Seismologe wertet ein am Computer dargestelltes Seismogramm aus

Mit Hilfe von modernen Seismographen werden kleinste Bodenbewegungen registriert. Grafisch dargestellt werden diese dann in einem Seismogramm, das mit dem Computer ausgewertet wird. © Vladimir/stock.adobe.com

Erdbebenstärken und was sie bedeuten

Erderschütterungen dauern meist nur wenige Sekunden und legen ganze Landstriche in Schutt und Asche. Doch ab wann gilt ein Erdbeben eigentlich als "stark" und wie misst man Erdbebenstärken? Wir erklären es Ihnen!

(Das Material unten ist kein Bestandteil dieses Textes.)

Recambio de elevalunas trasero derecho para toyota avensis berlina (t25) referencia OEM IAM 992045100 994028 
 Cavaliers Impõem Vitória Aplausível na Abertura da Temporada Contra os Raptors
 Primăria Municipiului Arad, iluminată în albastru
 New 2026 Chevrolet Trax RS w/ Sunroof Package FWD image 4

Will man die Stärke eines Erdbebens messen, können zwei Maße dafür herangezogen werden: Magnitude und Intensität. Die Magnitude sagt aus, wie viel Energie im Erdbebenherd freigesetzt wurde. Sie lässt allerdings keine Rückschlüsse darauf zu, ob das Erdbeben spürbar war oder welche Schäden es verursacht hat. Um die Auswirkungen des Erdbebens an der Erdoberfläche abschätzen zu können, ziehen Seismologen zusätzlich zur Magnitude die Herdtiefe heran. Denn zwei Erdbeben können zwar dieselbe Magnitude haben, sich an der Erdoberfläche aber ganz unterschiedlich auswirken – je nachdem, in welcher Tiefe der Punkt liegt, von dem das Erdbeben ausgeht (= Erdbebenherd). Seismologen sprechen hier von der Intensität des Erdbebens.

Was ist die Richterskala?

Die Magnitude wurde 1935 vom amerikanischen Geophysiker Charles Richter eingeführt. Daher auch der Name Richterskala. Nach Richter entsprach das stärkste jemals gemessene Erdbeben einer Magnitude von 9,5 bis 10 (1960 in Chile). Häufig wird behauptet, die Richterskala wäre nach oben hin offen, was allein physikalisch nicht möglich ist, denn Erdbeben können nur in der spröden Gesteinschicht auftreten, nicht aber im zähflüssigen Erdmantel oder – noch tiefer – im flüssigen Erdkern. Eine Erdbebenstärke über 10,6 ist nicht möglich. Auch die Null, die Richter einst als Untergrenze seiner Skala festlegte, gilt nicht mehr: Moderne Seismographen messen selbst kleinste Schwingungen im Nanometerbereich, wodurch sich negative Magnituden (bis etwa -2 bis -3) ergeben können.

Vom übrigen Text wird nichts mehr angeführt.